I think I learned more about the banal cruelty of war from Danis Tanovic’s 2001 film No Man’s Land. Reviewed on Kinoeye, this film … never asks about the comparative merits of the nationalist claims of the different sides in the Bosnian war… The first half of the film has three enemy soldiers trapped in a trench between the front lines, in various degrees of misery, both scared of and dependent on each other. The opportunities for black humour in this situation are obvious, and the film relishes them. This humour has little do to with exploration of character; rather, it works on the premise that people, especially young men, and including soldiers, are very much alike, making the battle lines drawn between them all the more absurd.
The second half of the film is a critique of the role of the UN and the media. Deeply cynical, it questions whether neutrality is possible or desirable. As Wikipedia says, UNPROFOR’s mission in Bosnia was to guard the humanitarian aid convoys, to remain neutral and act as a mere bystander. No Man’s Land shows that at times this can sometimes be patently absurd and is an affront to our ideas about the UN’s humanitarian role, but the film-maker has chosen not to acknowledge that countries in conflict insist on strict conditions for any external force intervening in their affairs. Still, it’s a very good film.

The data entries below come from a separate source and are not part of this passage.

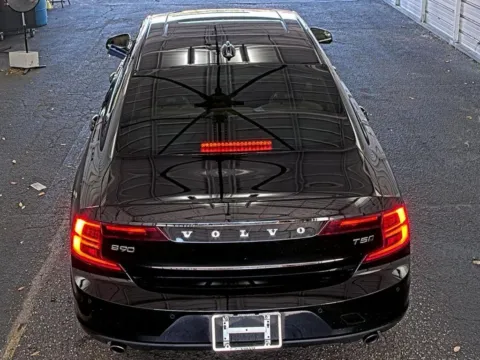 Another view of 2018 Volvo S90 T5 Momentum for sale in Fishers, IN at AutoGiant USA Fishers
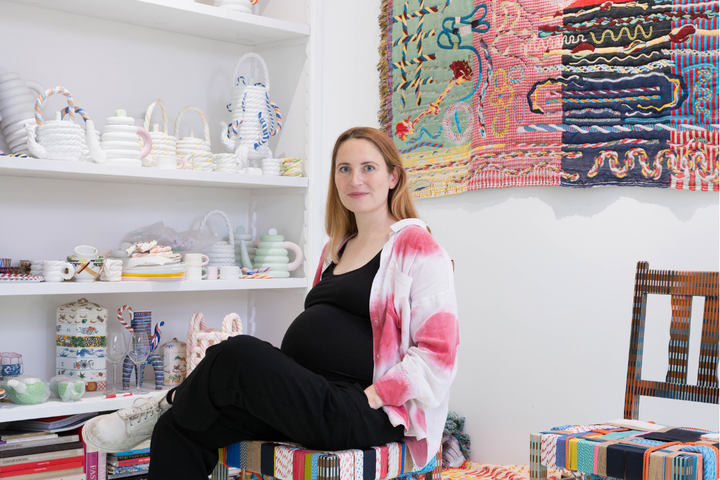 Meet the designer: Simone Post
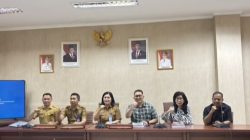 Ranperda  KLB dan Wabah Penyakit Menular Kembali Dibahas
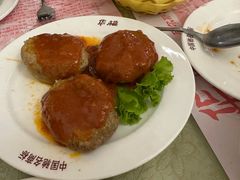 -华梅西餐厅(哈尔滨中央大街店)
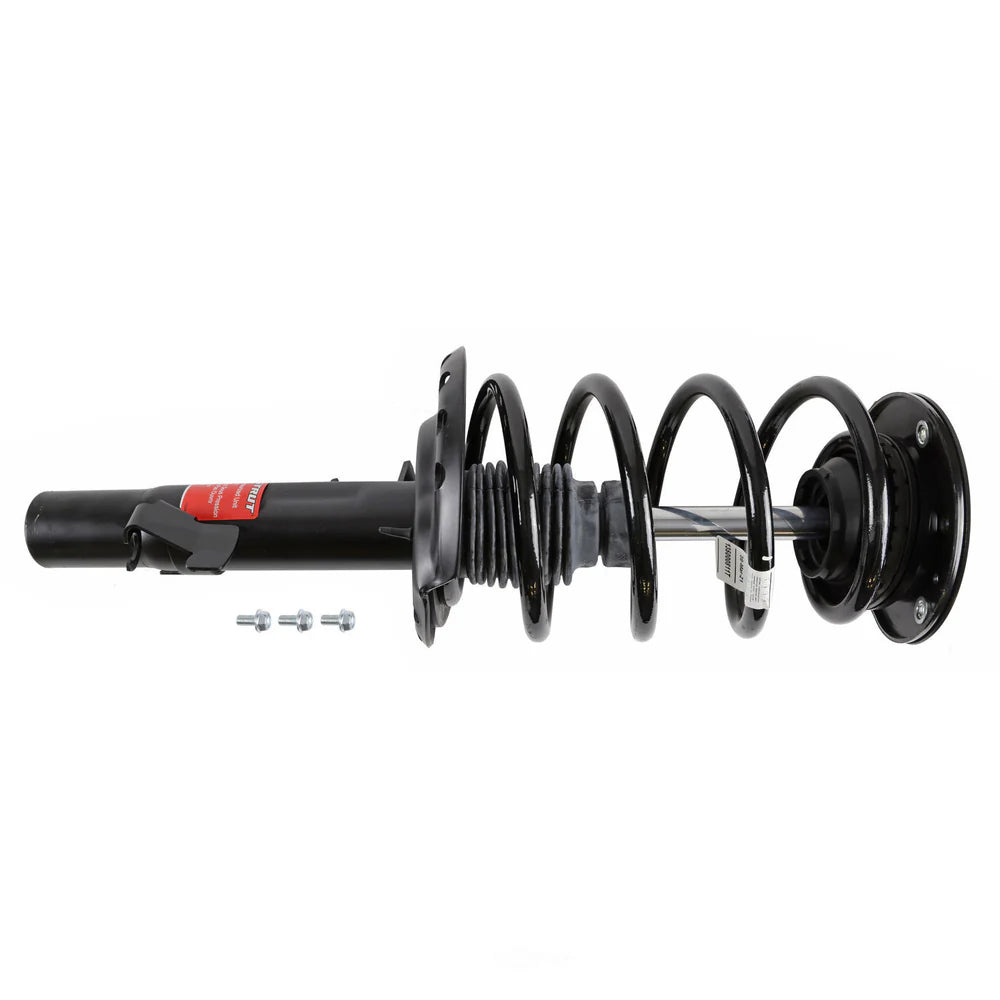 QUICK-STRUT ASSEMBLY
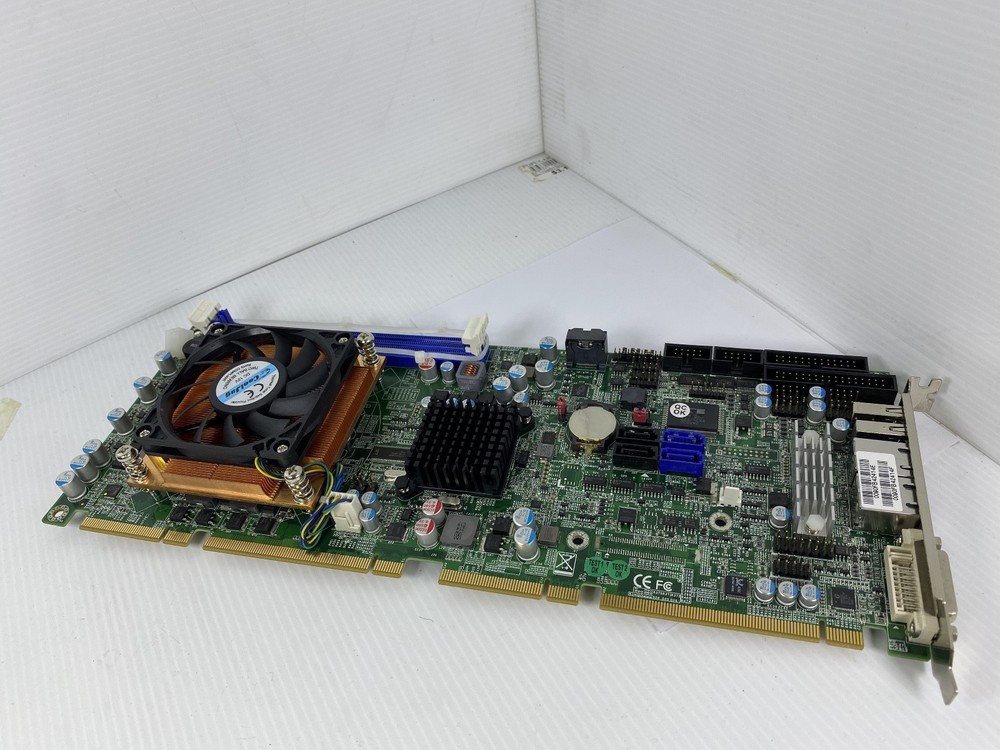 Portwell ROBO-8110VG2AR-Q67 industrial motherboard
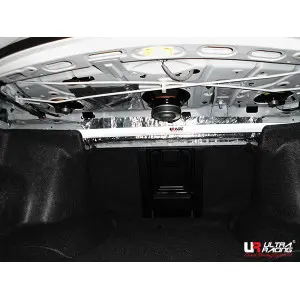 Ultra Racing 2 Points Rear Upper Strutbar Honda Accord 08+ 2.0/2.4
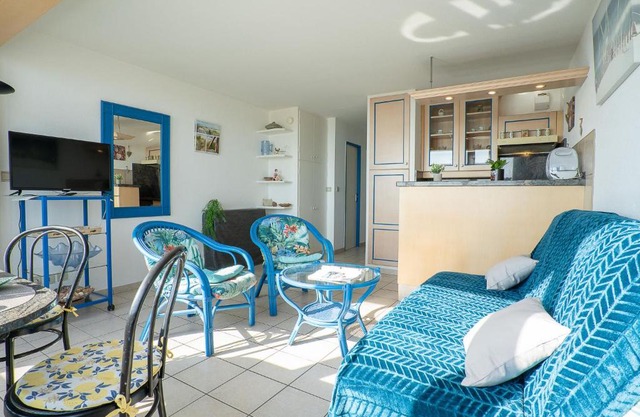 Apartment Marianne by Interhome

For me, the biggest problem with King of Tuzla is its disconnectedness. It’s as if the author has needed to get things off his chest and has insisted on including a jumble of characters and incidents that seem to have little bearing on the narrative. There are snippets of information that seem irrelevant or strange: why, for example, was it impressed upon Tijmen that he should not shake hands with the elderly members of the Officer Selection Board? (p82) I couldn’t make much sense of the book, except to recognise that this type of military activity is necessarily confused and confusing, and that one way or another it exerts a human toll on all the participants.
But we knew that already, didn’t we? From All Quiet on the Western Front to Fly Away Peter to any number of reflective works about the horrors of war, we know that young men go off to war in search of adventure and excitement and come back disillusioned. We know also that war impacts on the sense of identity because these experiences take place when soldiers are still so young. Those books are worth reading as works of enlightenment as well as works of literature, but I don’t think King of Tuzla succeeds as either. But don’t take my word for it: Stu Allen really liked it and rated it five stars, and Sue at Whispering Gums feels that it has its merits..
For anyone interested in the history of the former Yugoslavia, I recommend Brian Hall’s The Impossible Country. This superb book is an account of the author’s travels through Yugoslavia just before and as it broke up, and is a poignant portrait of how ethnic groups who lived in harmony together for many years erupted into hatred and violence that shocked the world. (See an excellent review by D R Godine at Google Books.)
For a harrowing but illuminating perspective on the impact of this war on civilians, Music for the Third Ear by Susan Schwartz Senstad is also well worth reading, if you can find a copy.